Wednesday, December 19, 2007

Last Chance to Eat - Gina Mallet

aside from fantasy books featuring various dark entities, my other favourite genre happens to be food writing. anthony bourdain, jeffrey steingarten, i don't care, if somebody writes a book about food i will probably want to read it. and then eat the things i read about. so i picked up "last chance to eat" from the library. touted as being a more serious foodie's version of "super size me" and "fast food nation". i won't lie to you, it started off very good. the chapters on eggs and cheeses are excellent. and i learnt that pears are only ripe for about 10 minutes. how true. have you ever tried to catch a pear at optimal ripeness? it's no easy task. however, by the time i got to the final chapter, which happened to be about fish, i think mallet had run out of steam, and it just seemed rather rushed. and then (and then!) she finishes up with this absolutely bizarre george orwellian vision of the future of global cuisine. very sci-fi, very weird, and very out of place in what was more of a series of reminiscences. so, a pretty good food book, but not my favourite. if you want something really good check out taras gresco, or the above mentioned jeffrey steingarten, or even (surprise!) ludwig bemelmans' "when you lunch with the emperor".

Vampireville - Ellen Schreiber

i love this series. it is such goth trash. the third book in the vampire kisses series sees the town previously known as 'dullsville' being redubbed as 'vampireville', by our teen goth protagonist, raven. this time she and vampire boyfriend alexander must stop the nefarious twins jagger and luna from turning soccer jock bully trevor into a creature of the night. with just as much superfluous name dropping as schreiber's previous efforts: "i unplugged my nightmare before christmas alarm clock.", "luna pulled out a pinky paranoid clutch purse from behind the basket." unfortunately, most of the goth brands mentioned in the book are completely made up, so they can't help you pull together the ultimate dark look. however, despite that, this is a great fun read if you are in the mood for some fluff with a little bite (oooh, that was a really bad joke).

Tuesday, December 11, 2007

Palestine - Joe Sacco

last year deborah ellis experienced a lot of furor over a book entitled "three wishes", in which she traveled to israel and spoke with children on both sides of the israeli-palestinian conflict. basically, some organizations, like the uja, took offense at one particular story presented by a young palestinian girl whose sister had been a suicide bomber. it presented the story of the suicide bomber, not from the typical western media viewpoint that we normally see, but helped us to understand what would make someone do something like that. i thought "three wishes" was an amazingly balanced book, that presented both sides of the conflict, which is something we don't normally see.

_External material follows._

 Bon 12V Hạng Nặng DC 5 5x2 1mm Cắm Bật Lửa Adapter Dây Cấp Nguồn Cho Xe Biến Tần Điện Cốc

"palestine" accomplishes a similar feat. joe sacco is an american journalist who travelled to israel back in the 90s. "palestine" is the story of the time he spent in the occupied territories speaking with displaced palestinians. it was his intention to share with people the palestinian side of the story. however, rather than do this in a more traditional format (read: book) sacco published his travel diaries in the form of a graphic novel. this is a powerful and informative book, and a must read for anyone with an interest in the situation in the middle east, or who likes non-fiction graphic novels. if you enjoy this sort of thing i would recommend also checking guy delisle's "pyongyang" and will eisner's "last day in vietnam", and of course the rest of sacco's catalogue.

Saturday, December 8, 2007

A Dirty Job - Christopher Moore

i've talked a fair bit about my somewhat shameful love of the chick lit genre. but, of course, chick lit is not the only fluff out there i derive enjoyment from. take christopher moore for example: pure fluff. he's also a little hit and miss (not all of his books are absolutely fabulous), but he is a lot of fun. i first read a christopher moore book back in the early days of high school. it was called "practical demonkeeping", and read it solely because one of the main characters was a demon. i had a bit of an obsession with the supernatural back then (still do) and would eagerly scour the library's shelves for anything to do with vampires or demons etc. hence the discovery of christopher moore.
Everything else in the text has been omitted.